Case
Parental Intimidation

I was in a situation last semester were I was an intern with my CT and one of the parents who's family conference I sat through frightened me. He was a very tall, very muscular man covered with tattoos and spoke very gruffly to my CT. She seemed to handle it well, but the man frightened me terribly. I could not imagine having to have done that on my own. Any suggestions how to get over such a silly fear? Or tips to calm myself when I'm feeling frightened by a parent?

Solution #1
At my school, we make sure that there are always at least two teachers who are in the meeting. We never meet with parents one on one for this reason. If we know ahead of time that the parent is hostile or intimidating we will invite our school councilor or an assistant principle to the meeting. This usually helps!
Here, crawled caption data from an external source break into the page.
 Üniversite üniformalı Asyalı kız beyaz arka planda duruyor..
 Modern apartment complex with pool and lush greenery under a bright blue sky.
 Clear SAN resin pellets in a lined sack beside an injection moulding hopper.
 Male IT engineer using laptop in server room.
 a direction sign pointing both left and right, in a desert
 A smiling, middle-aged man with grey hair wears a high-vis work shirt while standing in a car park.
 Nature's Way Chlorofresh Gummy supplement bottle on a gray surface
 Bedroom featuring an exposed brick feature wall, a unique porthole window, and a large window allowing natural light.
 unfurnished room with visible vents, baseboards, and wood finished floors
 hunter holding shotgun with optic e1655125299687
This is an great solution! i will definitely use this in my classroom.

Solution #2
I agree with the above solutions, but I also have a solution for your nerves. I have been through many conferences, and the ones that go the best are the ones where I have come in prepared with some notes. If the issue is grade related, I come in with a grade printout and possibly a sample of the student's work to illustrate what I have seen in the classroom. If it is behavior related, I bring notes concerning what I have observed. I also encourage you to take a deep breathe and remember that you are a professional. Never go in on the attack, but be respectful to the student/parents even if they are hostile. Eventually you will get used to these meetings.
Solution #3
We meet as a "team" when we have a parent conference. One thing I have found helpful is to has a "non-school" conversation while I escort the parent to the classroom. This allows me to gauge the parents actions. This also helps calm me down if I have any worries about the parent! Try talking about stuff outside of school.
Solution #4
Ask your another teacher to be with you in meetings. We have our Academic Coach or the VP or Principal to come if possible to meetings. I would bet the parents are as frightened by you also. They don't like coming to school. It isn't a silly fear you will feel more comfortable with each year in education.
Solution #5
I don't think your fear is silly by any means. There are many instances where teachers must handle intimidating, disrespectful parents and these encounters can be nerve-wracking. We must maintain our composure as best we can and this is a lot of pressure on us! One way that might help you feel more confident and less scared for these meetings would be to try to understand why these parents are using intimidating (body) language. Parents can be defensive of their children, especially if the child is having a harder time in school. Many parents are under the impression that they know what is best for their child and don't take kindly to advice or recommendations. Keep in mind that these conferences are for the benefit of the student as well, even if they aren't physically present. That could help motivate you during these interactions, thinking "I am having this meeting to help this student and I will try my best to work with their parents and come to an agreement/understanding".